───── Records shown
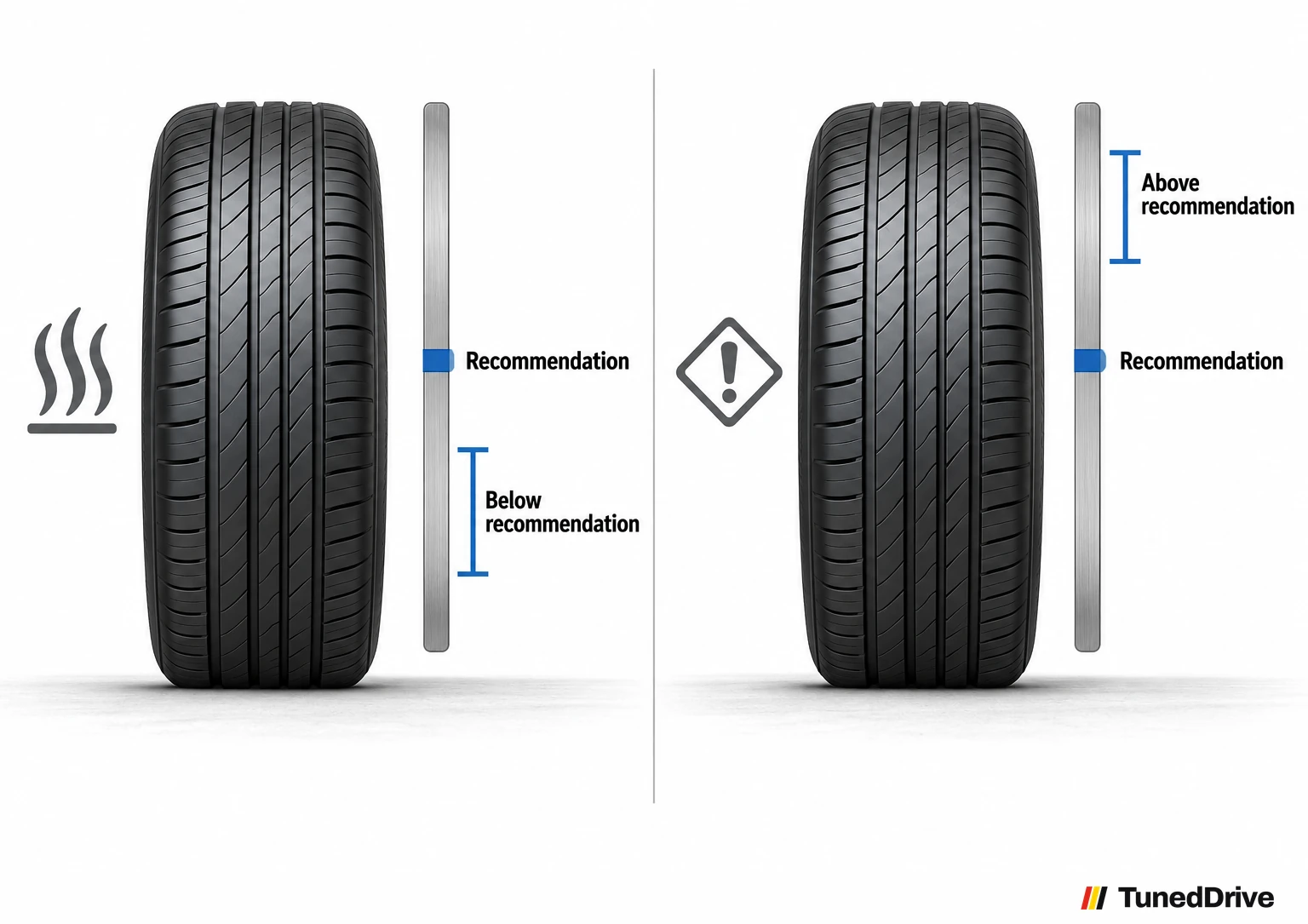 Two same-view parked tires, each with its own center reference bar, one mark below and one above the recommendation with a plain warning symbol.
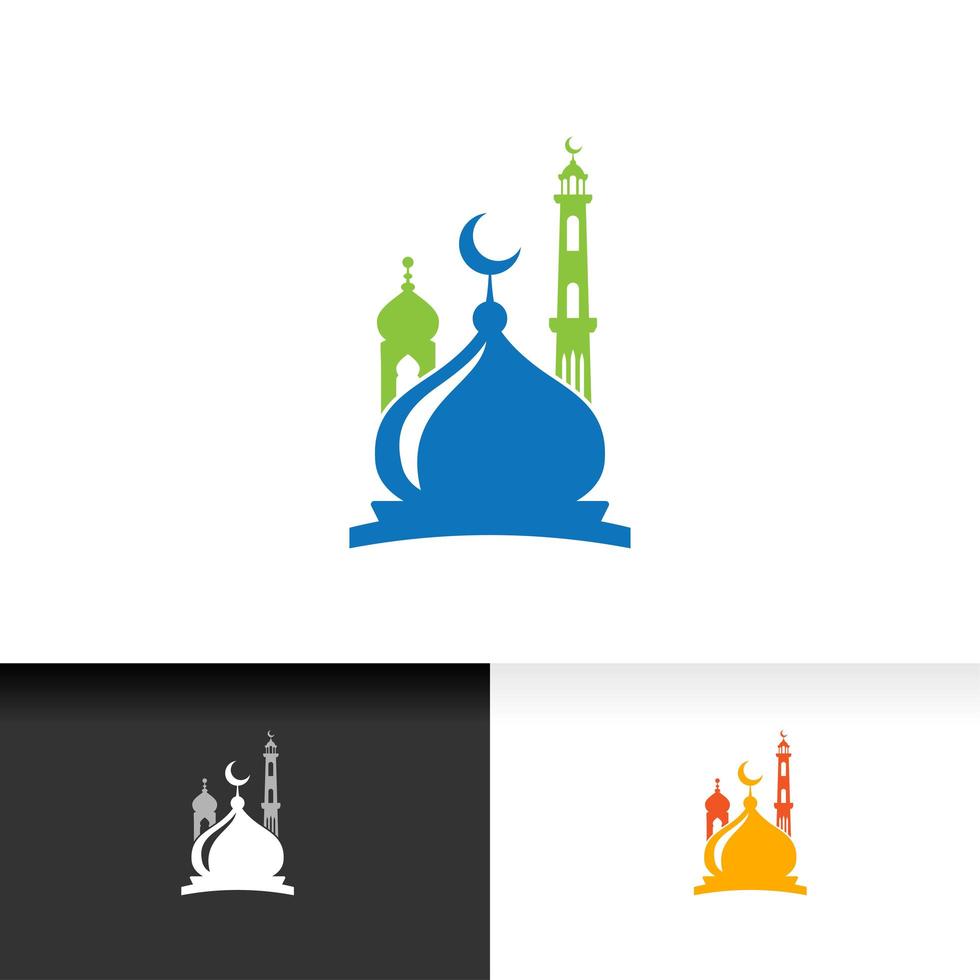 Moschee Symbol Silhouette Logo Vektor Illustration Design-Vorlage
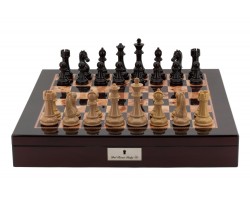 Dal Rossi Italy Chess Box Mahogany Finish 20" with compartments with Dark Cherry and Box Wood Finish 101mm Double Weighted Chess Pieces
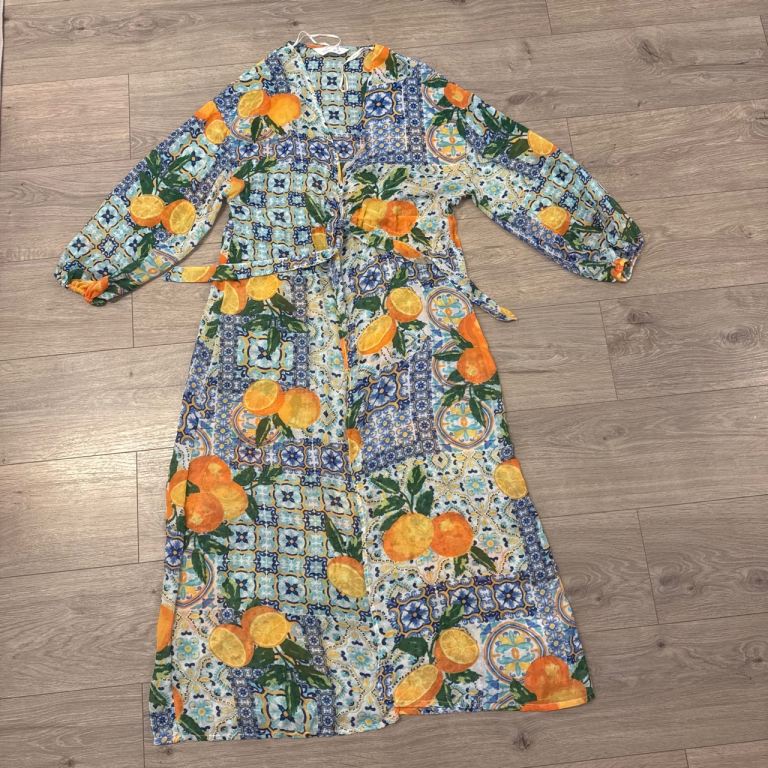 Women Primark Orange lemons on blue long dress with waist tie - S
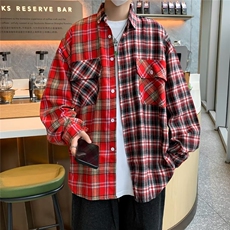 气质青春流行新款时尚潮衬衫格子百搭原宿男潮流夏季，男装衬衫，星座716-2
──────────
* [How to complete this task]:
All that is needed is an exact copy of the lines from the top of the entries through the line containing "Dal Rossi Italy", pictures left out.

* [Reply to the exercise]:
 Two same-view parked tires, each with its own center reference bar, one mark below and one above the recommendation with a plain warning symbol.
 Moschee Symbol Silhouette Logo Vektor Illustration Design-Vorlage
 Dal Rossi Italy Chess Box Mahogany Finish 20" with compartments with Dark Cherry and Box Wood Finish 101mm Double Weighted Chess Pieces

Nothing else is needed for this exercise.